If the surplus value is applied well, it could be indicated by the purchasing power of the citizens. By looking at their disposable incomes and the types of goods and services they consume.
Surplus Value and Standard of Living
Firms’ expenditures together with the surplus value gotten from its operations can be important tools in finding out the extent of economic growth in a capitalist economy. The high standards of living could be a clear indication of a surplus. (Esping-Andersen, 2013, p. 163)

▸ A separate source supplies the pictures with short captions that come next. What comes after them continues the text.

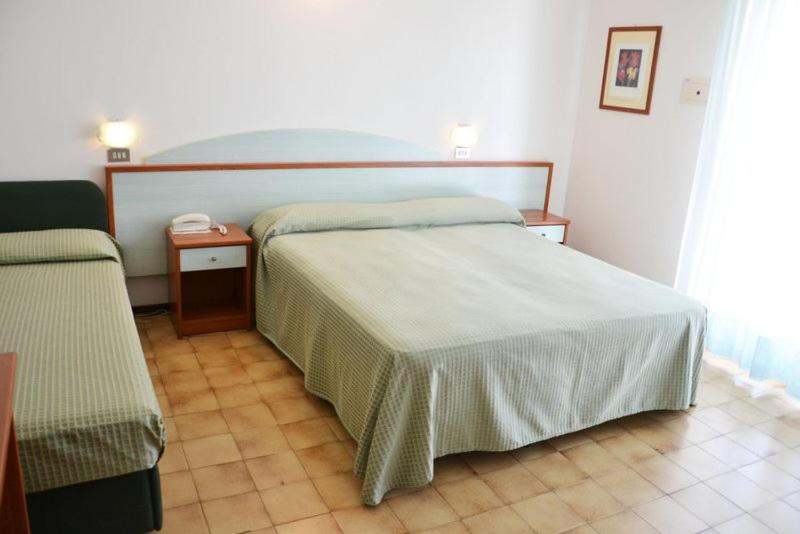Postel nebo postele na pokoji v ubytování Hotel Cinzia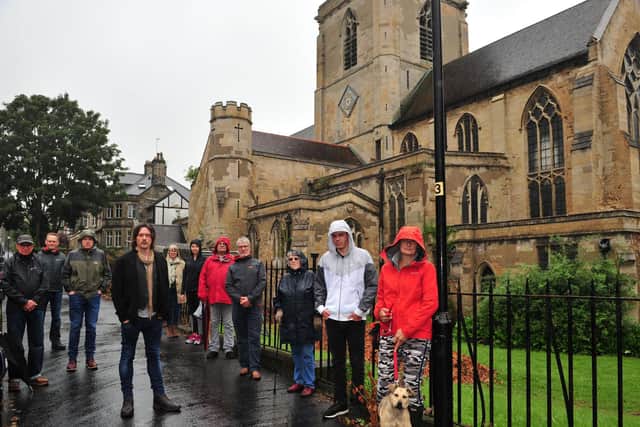 Some of the Harrogate residents concerned about St Mary's Church - Matthew Weller (middle) with Mark Wilson, Nick Cape, Joan Mallon, Lauren Ball, Hedley Hilton, John Cooper, Rachel Ogden, Cormac Flaningan, Sophie Bland, Adam Ball and Nico the dog.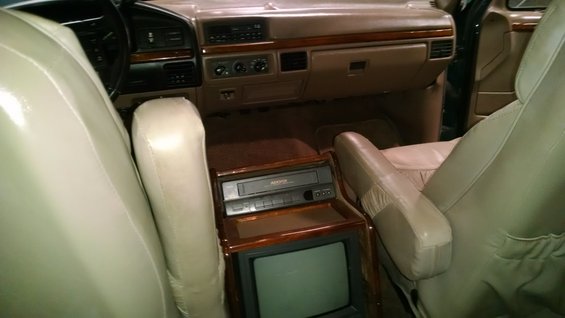 Tan leather captain's chairs face a wood-trimmed console with a VCR and CRT television. Dashboard and steering wheel visible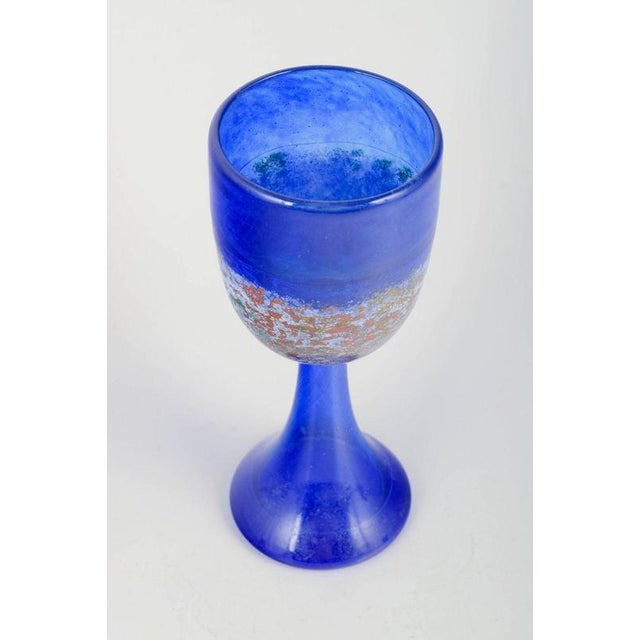 Kjell Engmann for Kosta Boda Art glass, 1980s. Signed art glass goblet in intense cobalt blue with a decorative band of...
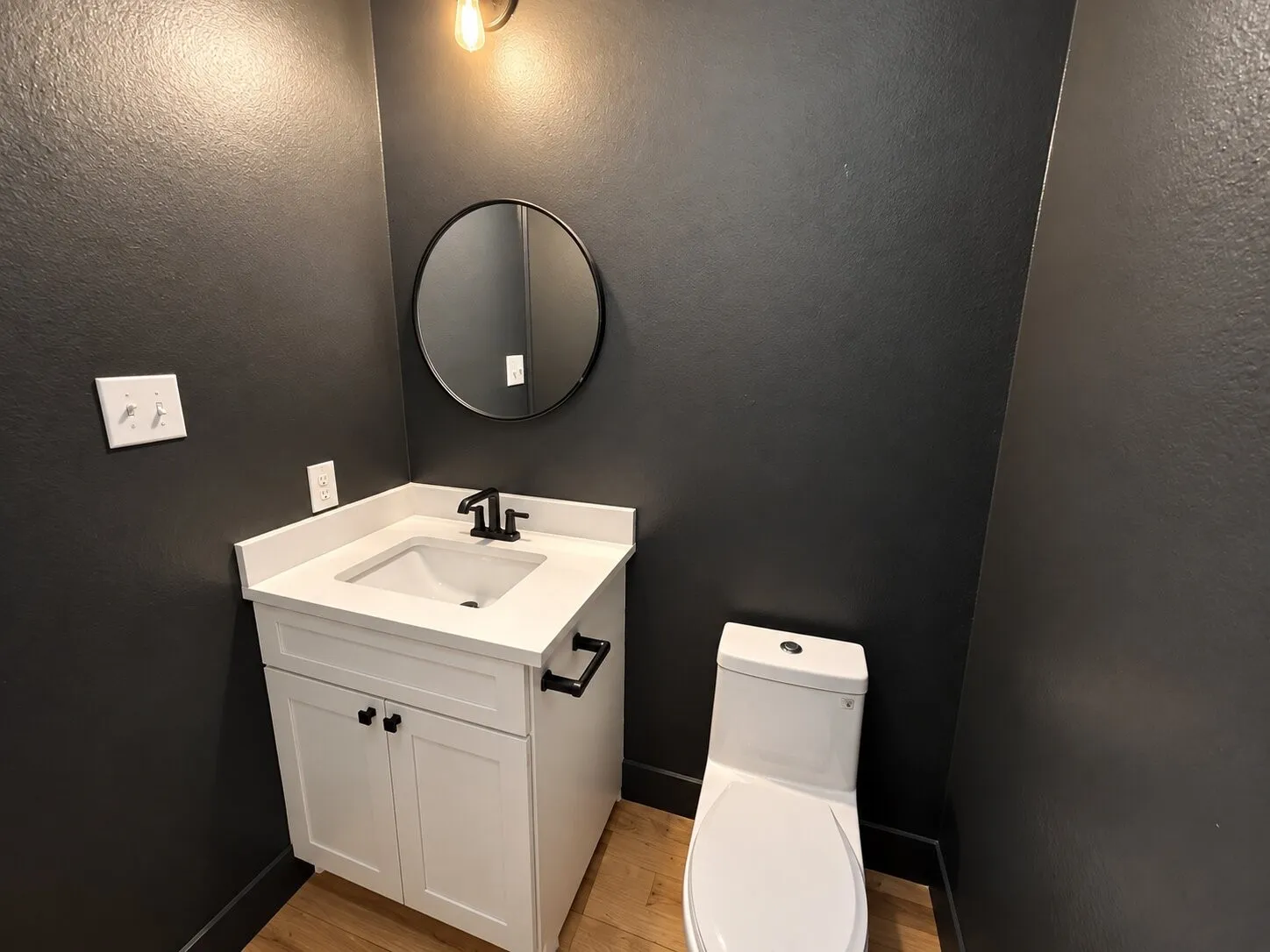 White vanity with an integrated sink, matte black faucet, and a circular wall mirror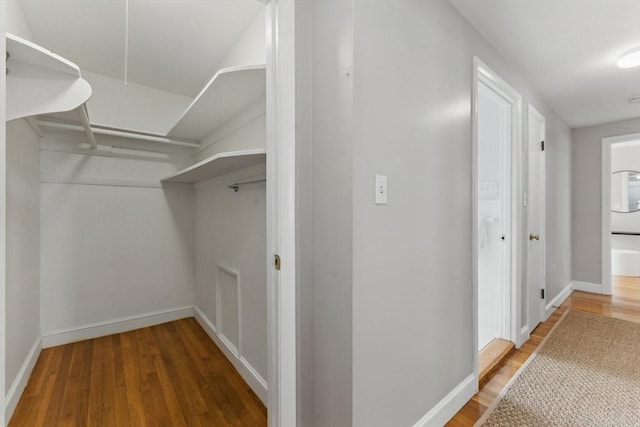 90 Woodland Rd, Malden, MA 02148 - spacious closet featuring wood finished floors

Business people do pay part of their surplus to the central government. A number of them however attempt to get involved in tax evasion as they often do not want to pay taxes (Weber, 2013). A huge percentage of taxes is however, given out to the capitalists in form of subsidies and contracts to enable them expand their businesses and come up with more employment opportunities. (Gilpin, 2014, p. 199).

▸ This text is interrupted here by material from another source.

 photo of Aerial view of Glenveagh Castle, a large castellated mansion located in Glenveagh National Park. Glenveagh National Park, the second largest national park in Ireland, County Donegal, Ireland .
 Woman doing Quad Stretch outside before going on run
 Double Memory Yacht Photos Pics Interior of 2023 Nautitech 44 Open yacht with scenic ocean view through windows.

Gross income that comes from business receipts and personal activities in any economy leads to surplus value. Almost one third of the taxes attributable to a given state emanates from the surplus value that comes from mostly the manufacturers and other business owners (Schumpeter , 2013).
In its forward planning, the government employs economic indices derived from the surplus values of the previous years to arrive at the expected revenue in taxes in the years to come. This aids the capitalistic governments in coming up with meaningful development plans for the economy. (Foley, 2015, p. 312)

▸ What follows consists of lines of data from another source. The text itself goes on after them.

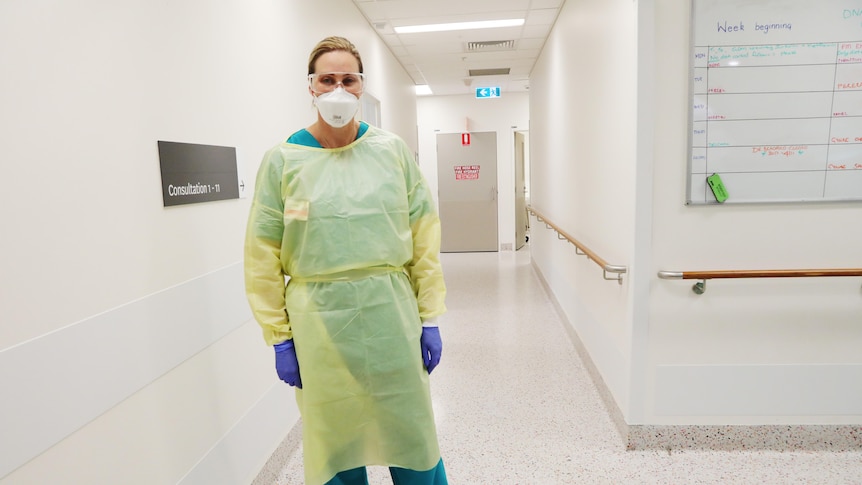 A female doctor in full PPE stands in a ward hallway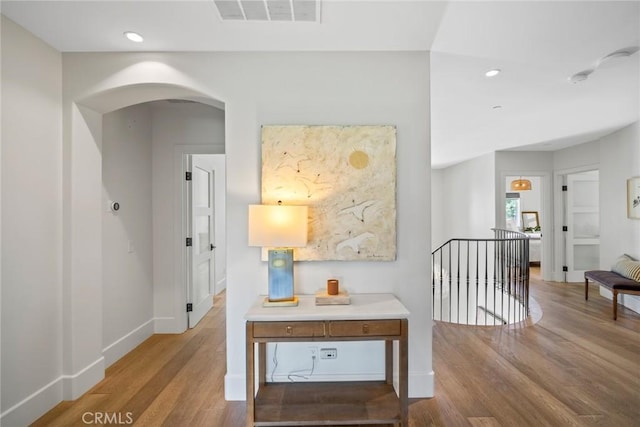 corridor with recessed lighting, an upstairs landing, visible vents, arched walkways, and wood finished floors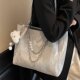 High-end one-shoulder niche design bag for women summer 2026 new style fashionable and versatile large-capacity commuter tote bag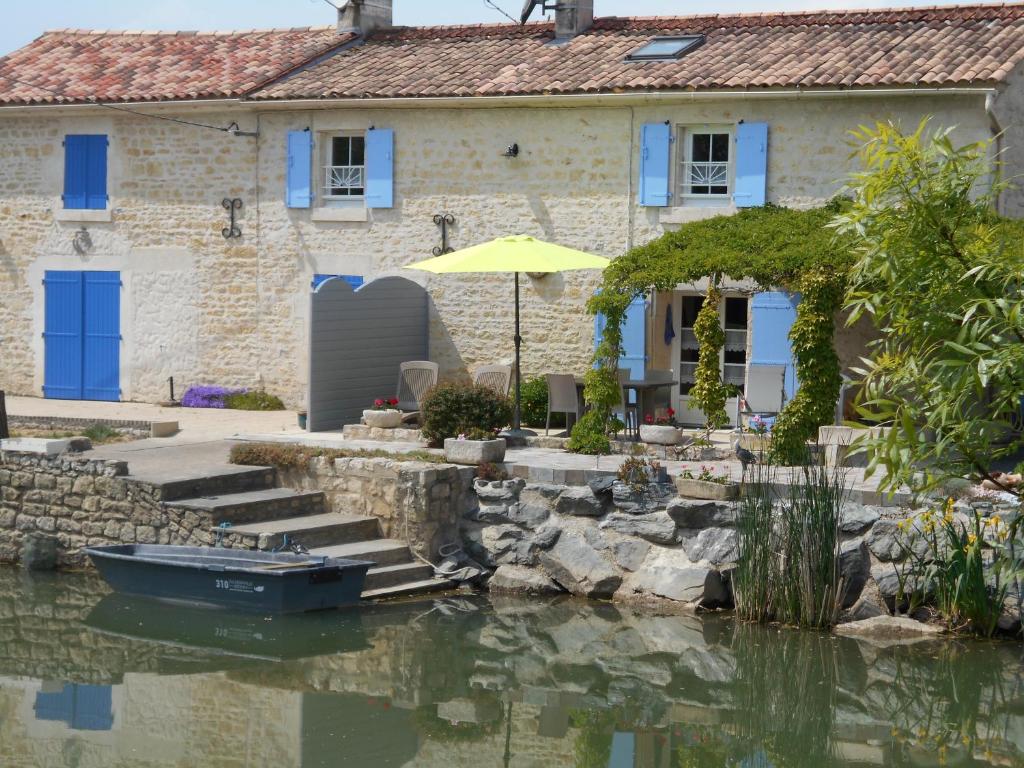 La Taillée的住宿－MARAIS POITEVIN gite "volets bleu clair" pêche ,barque, vélos, wifi, linge, cheminée, cuisine, terrain de boules，水中一艘船的石头房子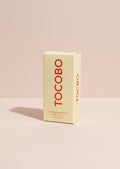 Caja de protector solar en barra TOCOBO Vita Waterproof Sun Stick SPF50+ de K-Chic Skin Especialidad en tono crema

Relative costs- an increase in costs will in most cases reduce the profits. This constitutes the labor costs, the cost of raw materials and the cost of rent. Take a case whereby a devaluation of the exchange rate increases the cost of imports and hence increasing costs to the companies who import the raw materials (Foley, 2015, p. 176).
Management- successful management is very critical for the future growth and profitability of any firm. Poor management often lead to reduction in worker morale which then harms customer service and worker turnout (Gilpin, 2014, p. 172).
Objectives of a firm- not all business entities are profit oriented. Some simply seek to expand their market shares. In such a case, profits will be traded for a gain in the market share. (Lewis, 2014, p. 99).
Economies of scale-entities with high fixed costs will require high production in order to benefit from the economies of scale and also to do its production on the minimum efficient scale. If it fails to do this, the average cost will be too high and thus low profitability (Foley, 2015, p. 187).
The state of the economy- if the economy is doing good and there is a boom, the demand will increase and this would increase the average rate of profits. (Passiouras, 2015, p. 103)
The degree of competition- if a firm enjoys a monopoly power then there is little or no competition (Soros, 2015). The demand in this case becomes inelastic and therefore profits can be increased by increasing the prices. On the other hand, if the competition is stiff in the economy, the profits will be a bit low (Marx, 2015, p. 231). This is because consumers would only be purchasing from cheapest firms.
The concept of surplus in an economy has been an issue of discussion for quite sometime. For there to be prosperity in an economy, there should be balance between surplus and deficiency for the purposes balance in trade.